Au niveau national les projections des médias soutiennent qu'il y aurait 60% de votes en faveur de la Nouvelle Constitution, et 40% d'opposés. Ces évaluations non officielles ne prennent pas en compte les votes provinciaux et des communautés rurales de notre pays, qui inclinent certainement la balance de vote de la population bolivienne en faveur du processus de changement, comme on pu le noter lors des journées électorales antérieures.
Ce Référendum National Constituant 2009 s'est caractérisé par une absence presque totale d'incidents contre les droits des votants à Chuquiesaca, mais on dénombre tout de même un numéro infime de réactions. La propagande du NON qui a été réalisée pendant toute la journée dans les différentes zones de la ville de Sucre a débouché sur une altercation qui s'est produite dans une province de notre département. Il semble que cette altercation ait été provoquée par la préfète de Chuquisaca, Sabina Cuellar qui avait tenté de désorganiser le processus électoral, notamment lors d'une discussion à la province de Yamparaez.
D'autres faits ont tenté d'obscurcir cette journée, notamment au niveau de la Presse et du droit à l'information. Les journalistes de Radio ACLO Chuquiesaca et de Radio Sucre ont parlé d'actes visant à « empêcher (cuartar ndt) la liberté de communication et d'information ». Le directeur de Radio Sucre à mentionné que le câble de son antenne à été détruit. Heureusement les techniciens ont rapidement détecté et résolu le problème. D'autre part ACLO Chuquisaca s'est plaint de troubles sur ses lignes téléphoniques (pas de tonalité) pendant la matinée. Le problème a été résolu vers 9h du matin.

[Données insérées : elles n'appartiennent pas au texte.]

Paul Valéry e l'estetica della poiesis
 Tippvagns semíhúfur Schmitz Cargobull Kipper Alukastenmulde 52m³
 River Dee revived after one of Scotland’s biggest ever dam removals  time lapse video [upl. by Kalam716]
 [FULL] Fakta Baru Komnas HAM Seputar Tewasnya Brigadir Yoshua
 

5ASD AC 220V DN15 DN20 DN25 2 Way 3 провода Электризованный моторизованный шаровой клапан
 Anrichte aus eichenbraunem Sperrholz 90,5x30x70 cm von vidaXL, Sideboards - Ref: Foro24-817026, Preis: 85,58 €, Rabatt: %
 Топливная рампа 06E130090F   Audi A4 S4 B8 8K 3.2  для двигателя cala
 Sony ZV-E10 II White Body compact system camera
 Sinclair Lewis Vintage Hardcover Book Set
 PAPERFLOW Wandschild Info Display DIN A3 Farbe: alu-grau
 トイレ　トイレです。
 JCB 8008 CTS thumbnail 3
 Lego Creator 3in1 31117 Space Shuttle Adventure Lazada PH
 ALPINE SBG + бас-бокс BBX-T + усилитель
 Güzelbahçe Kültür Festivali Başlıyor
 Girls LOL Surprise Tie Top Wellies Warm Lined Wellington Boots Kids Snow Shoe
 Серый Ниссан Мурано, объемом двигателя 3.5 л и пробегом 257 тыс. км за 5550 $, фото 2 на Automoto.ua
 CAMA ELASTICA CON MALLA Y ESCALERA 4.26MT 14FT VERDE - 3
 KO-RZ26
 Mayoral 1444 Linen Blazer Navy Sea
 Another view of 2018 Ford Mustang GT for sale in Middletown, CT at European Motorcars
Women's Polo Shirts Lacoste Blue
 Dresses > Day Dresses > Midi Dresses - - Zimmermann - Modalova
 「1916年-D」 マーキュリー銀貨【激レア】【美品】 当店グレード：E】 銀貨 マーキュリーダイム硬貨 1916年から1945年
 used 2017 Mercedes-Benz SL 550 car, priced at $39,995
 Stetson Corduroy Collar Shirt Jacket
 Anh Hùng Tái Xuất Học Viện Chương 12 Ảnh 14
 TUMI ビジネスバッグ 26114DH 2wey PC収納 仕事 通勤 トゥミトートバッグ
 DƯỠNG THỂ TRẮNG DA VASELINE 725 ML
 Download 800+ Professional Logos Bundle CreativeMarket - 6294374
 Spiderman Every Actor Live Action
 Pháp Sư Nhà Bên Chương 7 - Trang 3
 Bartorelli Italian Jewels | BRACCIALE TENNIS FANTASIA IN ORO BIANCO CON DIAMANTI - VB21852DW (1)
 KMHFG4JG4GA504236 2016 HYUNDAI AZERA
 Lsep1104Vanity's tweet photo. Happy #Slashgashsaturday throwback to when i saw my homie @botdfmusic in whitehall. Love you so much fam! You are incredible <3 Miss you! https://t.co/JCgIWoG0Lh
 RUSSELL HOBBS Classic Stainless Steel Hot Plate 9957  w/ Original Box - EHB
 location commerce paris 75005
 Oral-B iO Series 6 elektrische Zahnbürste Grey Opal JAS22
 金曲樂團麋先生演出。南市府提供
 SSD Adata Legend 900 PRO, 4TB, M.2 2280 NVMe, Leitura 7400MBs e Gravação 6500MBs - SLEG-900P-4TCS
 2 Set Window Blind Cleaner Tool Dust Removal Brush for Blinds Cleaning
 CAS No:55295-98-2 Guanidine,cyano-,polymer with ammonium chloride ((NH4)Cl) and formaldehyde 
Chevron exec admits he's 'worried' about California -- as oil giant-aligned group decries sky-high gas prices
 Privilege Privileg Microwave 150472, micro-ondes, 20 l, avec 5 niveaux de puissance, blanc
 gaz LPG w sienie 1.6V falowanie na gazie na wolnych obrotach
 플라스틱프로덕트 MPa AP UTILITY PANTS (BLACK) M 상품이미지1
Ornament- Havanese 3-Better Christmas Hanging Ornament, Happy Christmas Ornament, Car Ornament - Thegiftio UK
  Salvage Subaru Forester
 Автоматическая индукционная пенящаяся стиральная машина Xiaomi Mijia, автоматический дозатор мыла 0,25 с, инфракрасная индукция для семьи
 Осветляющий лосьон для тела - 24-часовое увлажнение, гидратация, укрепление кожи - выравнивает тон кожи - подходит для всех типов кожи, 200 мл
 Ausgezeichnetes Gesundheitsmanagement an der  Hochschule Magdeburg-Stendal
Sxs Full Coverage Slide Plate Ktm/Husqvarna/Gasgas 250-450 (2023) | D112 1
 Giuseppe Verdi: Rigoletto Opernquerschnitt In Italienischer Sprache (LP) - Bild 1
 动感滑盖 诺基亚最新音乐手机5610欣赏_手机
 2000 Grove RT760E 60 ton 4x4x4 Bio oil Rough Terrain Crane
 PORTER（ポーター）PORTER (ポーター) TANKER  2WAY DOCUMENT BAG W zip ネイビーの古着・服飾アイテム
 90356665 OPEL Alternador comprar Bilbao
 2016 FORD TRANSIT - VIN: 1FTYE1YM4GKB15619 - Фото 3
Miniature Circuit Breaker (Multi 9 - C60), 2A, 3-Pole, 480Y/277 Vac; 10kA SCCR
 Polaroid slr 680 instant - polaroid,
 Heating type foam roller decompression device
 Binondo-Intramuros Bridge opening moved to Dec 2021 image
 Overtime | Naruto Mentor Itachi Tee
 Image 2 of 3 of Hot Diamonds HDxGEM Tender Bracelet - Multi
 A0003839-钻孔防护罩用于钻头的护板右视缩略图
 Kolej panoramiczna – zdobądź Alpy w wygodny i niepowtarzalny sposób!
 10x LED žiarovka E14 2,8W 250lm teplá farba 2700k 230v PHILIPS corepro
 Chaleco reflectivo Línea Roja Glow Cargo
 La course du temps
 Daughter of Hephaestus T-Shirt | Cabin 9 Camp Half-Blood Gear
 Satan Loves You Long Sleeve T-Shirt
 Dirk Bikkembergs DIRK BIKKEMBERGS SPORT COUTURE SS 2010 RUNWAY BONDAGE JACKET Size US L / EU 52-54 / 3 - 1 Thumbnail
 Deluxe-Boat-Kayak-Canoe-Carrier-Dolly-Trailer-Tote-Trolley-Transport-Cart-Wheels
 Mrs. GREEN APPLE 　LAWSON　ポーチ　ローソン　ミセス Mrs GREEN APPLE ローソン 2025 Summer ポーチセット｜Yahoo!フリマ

Finalement, pour conclure cette journée, en plein discours de la préfète Sabina Cuellar, un individu a menacé un correspondant de Indymedia Sucre, demandant une supposée « impartialité » (qui dans ce cas signifie -ou tu es de notre côté ou tu es ennemi) dans le traitement médiatique. Ces faits n'ont évidemment pas étés médiatisés par les médias privés de la ville de Sucre.